Millionen waren es nicht, wie das Bündnis »Millions March New York City« mit seiner Selbstbezeichnung suggeriert hatte, auch nicht Hunderttausende, aber immerhin mehrere Zehntausend. Bei Temperaturen unter Null Grad zogen schätzungsweise 60 000 Menschen vom Washington Square Park über die 5th und 6th Avenue über den Broadway und anschließend zum Hauptquartier der weltgrößten Stadtpolizei NYPD. Der sechs Kilometer lange Zug wurde von Angehörigen jüngst durch Polizeigewalt ermordeter Afroamerikaner angeführt. »I can’t breathe« (Ich kann nicht atmen), die letzten Worte des am 17. Juli im Polizeigriff erstickten Afroamerikaners Eric Garner, wurden auf Hunderten von Schildern mitgeführt. Von den Gehsteigen aus applaudierten viele Weihnachtseinkäufer den Sprechchören. »We will shut New York City down« (wir machen New York dicht), hieß es, »Justice now!« (Gerechtigkeit jetzt), aber auch »The whole damn system is guilty as hell« (Das ganze verdammte System ist schuld). Die New Yorker Cops hielten weitgehend Distanz und ignorierten Sprechchöre, die ihnen Ku-Klux-Klan-Methoden vorwarfen, oder »Fuck the Police«. Nach der kurzen Schlusskundgebung blockierten gut Tausend Demonstranten die Fahrbahnen über die Brooklyn Bridge.

In die fünf Fahrstunden von New York entfernte USA-Hauptstadt Washington hatte parallel dazu der Bürgerrechtler Al Sharpton mobilisiert. Gut 15 000 Menschen demonstrierten auf der Pennsylvania Avenue zwischen dem Kapitol und dem Weißen Haus. Neben der Mutter und der Witwe von Eric Garner nahmen auch die Angehörigen von Michael Brown, der in Ferguson von einem weißen Polizisten erschossen worden war, sowie von Tamir Rice, einem zwölfjährigen Polizeiopfer in Cleveland, und von Trayvon Martin teil. Letzterer war 2012 in Florida von einem privaten Wachmann umgebracht worden. In keinem der Fälle ist der Täter zur Verantwortung gezogen worden.

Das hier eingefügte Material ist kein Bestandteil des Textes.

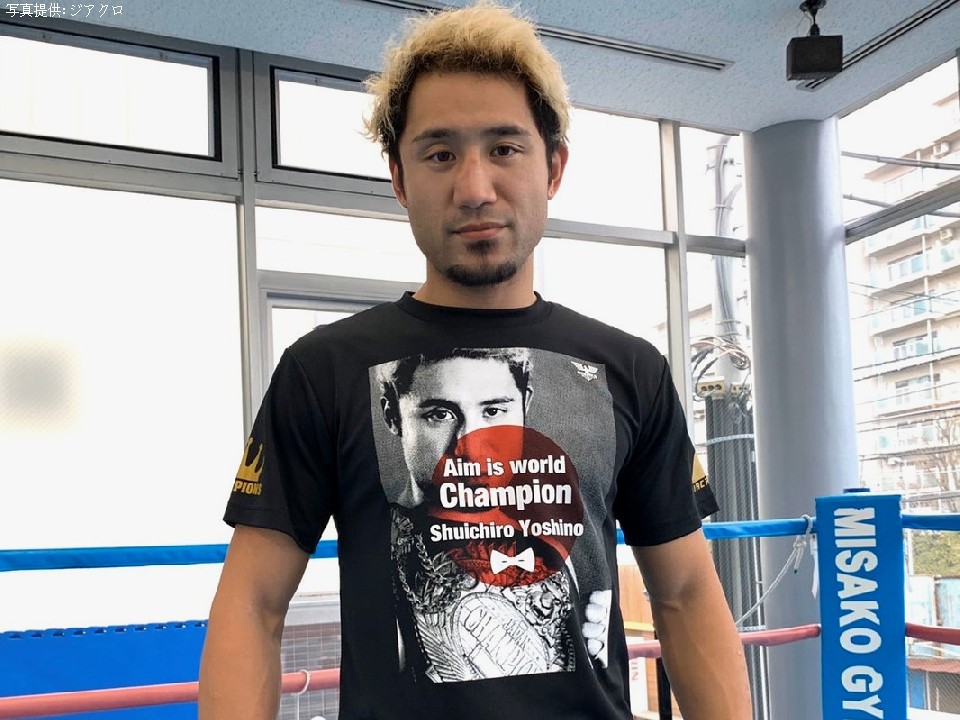 �W�A�N�����O���W��60���N�L�OT�V���c��̔�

Gwen Carr, die Mutter von Eric Garner, gelobte, die Proteste würden in den gesamten USA solange fortgesetzt werden, bis »Gerechtigkeit hergestellt worden ist«. Al Sharpton appellierte an den Washingtoner Kongress, eine umfangreiche Justizreform einzuleiten, und kritisierte die weißen Eliten: »Ihr dachtet wohl, Ihr könnt das unter den Tisch kehren, Ihr dachtet, niemand würde darauf aufmerksam machen, aber da habt Ihr Euch getäuscht«.

Auch in Boston, Chicago und in mehreren Städten Kaliforniens gab es Solidaritätsdemonstrationen.

Zu befürchten ist, dass die Rufe nach Justiz- und Polizeireformen an der geballten Macht des tief verankerten institutionellen Rassismus zerschellen. So haben die lokalen Behörden in Ferguson beispielsweise angekündigt, die »Verdachts«-Kontrollen von Autofahrern noch weiter als bisher auszudehnen, um mit den Einnahmen von Strafgebühren die maroden Stadtkassen aufzubessern. Selbst die New Yorker Polizei schert sich um Kritik wenig und geht sogar in die Offensive. Die größte Polizistengewerkschaft erklärte am Wochenende den liberalen Bürgermeister der Stadt Bill DeBlasio zur unerwünschten Person bei Begräbnissen von Beamten, die im Dienst umgekommen sind.